The tree was still covering his chest. Holly wondered what it was hiding. Was it his mate mark? She knew about mate marks. Any hot-blooded woman who spent time around shifters knew about those. The
y were the marks that were supposed to lead shifters to their fated mates. Would a bad boy like Rowan have, say, a pair of handcuffs for a mate mark? Or was he secretly a good guy, with a Christmas angel’s silhouette slapped right on his chest? There was only one way to find out.
Again, Holly nearly tripped herself up as she thought about Rowan’s hot body, a body hotter than freshly baked buns.
“Careful there,” said Rowan. “Wouldn’t want you to have a twisted ankle come Christmas, now, would we?”
The way Rowan said the word ‘come’ made Holly’s insides turn to jelly. They walked up the stairs to the back patio, where Avery had her arms crossed.
“It took you what, fifteen minutes, to forget about my advice?” asked Avery.

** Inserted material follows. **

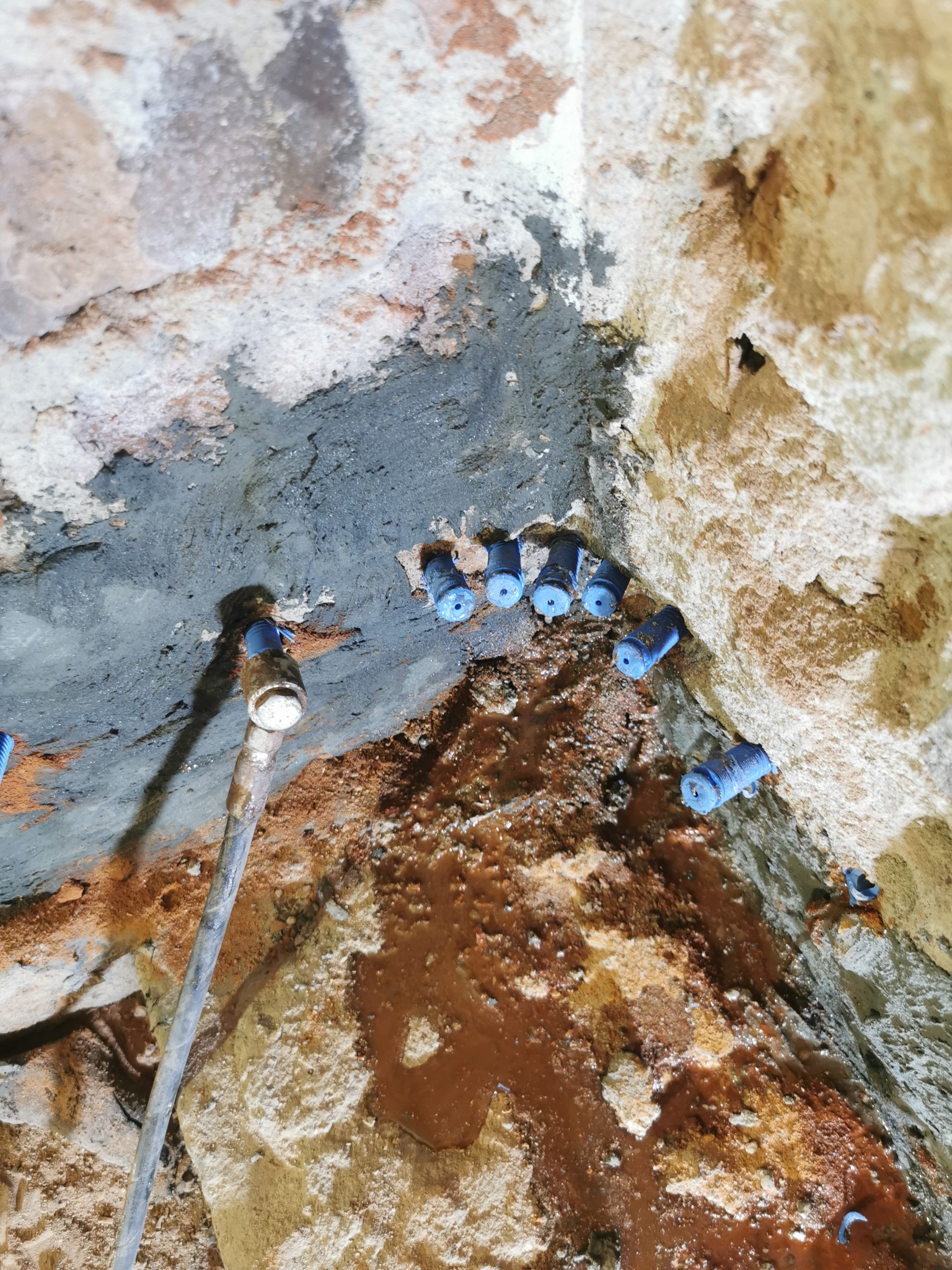 Wiercenie otworów w wilgotnej, ceglanej ścianie pod kątem, z widocznymi niebieskimi dyszami iniekcyjnymi i śladami wilgoci.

“What advice?” asked Holly, as Rowan took his hand off her waist.
“Exactly,” said Avery with a sigh. “Okay, what’s this one called, Krampus?”
“Rowan, Clan Marron’s biggest bad boy problem,” said Krampus. “He’s…different.”

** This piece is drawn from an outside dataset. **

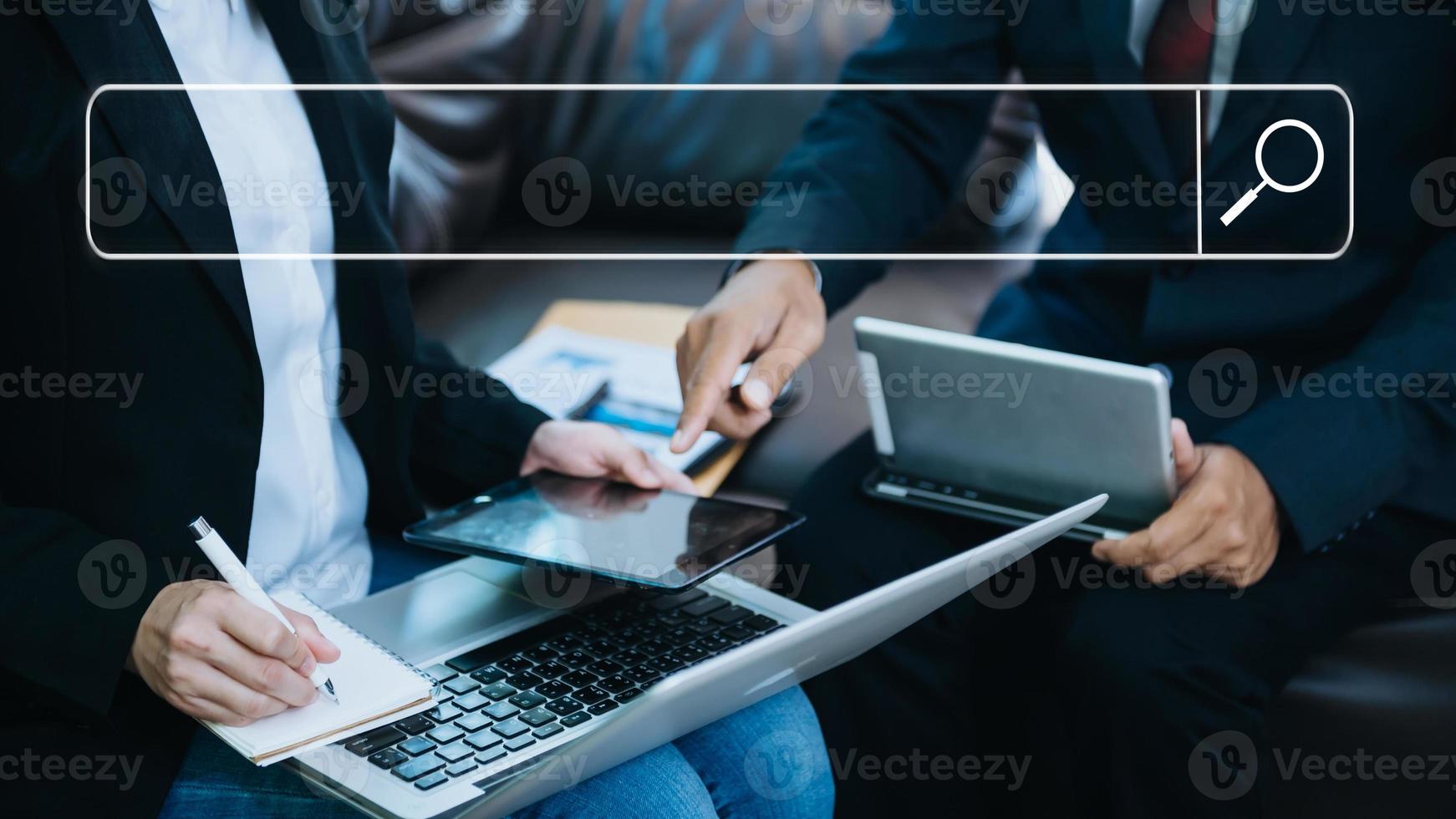 Searching Browsing Internet Data Information Networking Concept with blank search bar.man working with mobile phone and laptop computer VR icon in office photo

“Different how?” asked Avery, glaring at Krampus. “Does he have a candy cane for a cock or something?”
“No, you’re thinking of last year’s bad boy,” said Krampus sarcastically. “I’ll tell you while they set up the tree.”
“You two can set up in —” started Avery.
“— In the corner with the big stain,” said Krampus, rolling his eyes. “Same place it is every year.”
“You remembered?” asked Avery.
“You won’t let me fuckin’ forget,” said Krampus. “I bring you a tree every year, but it’s that one stain I left that you talk about.”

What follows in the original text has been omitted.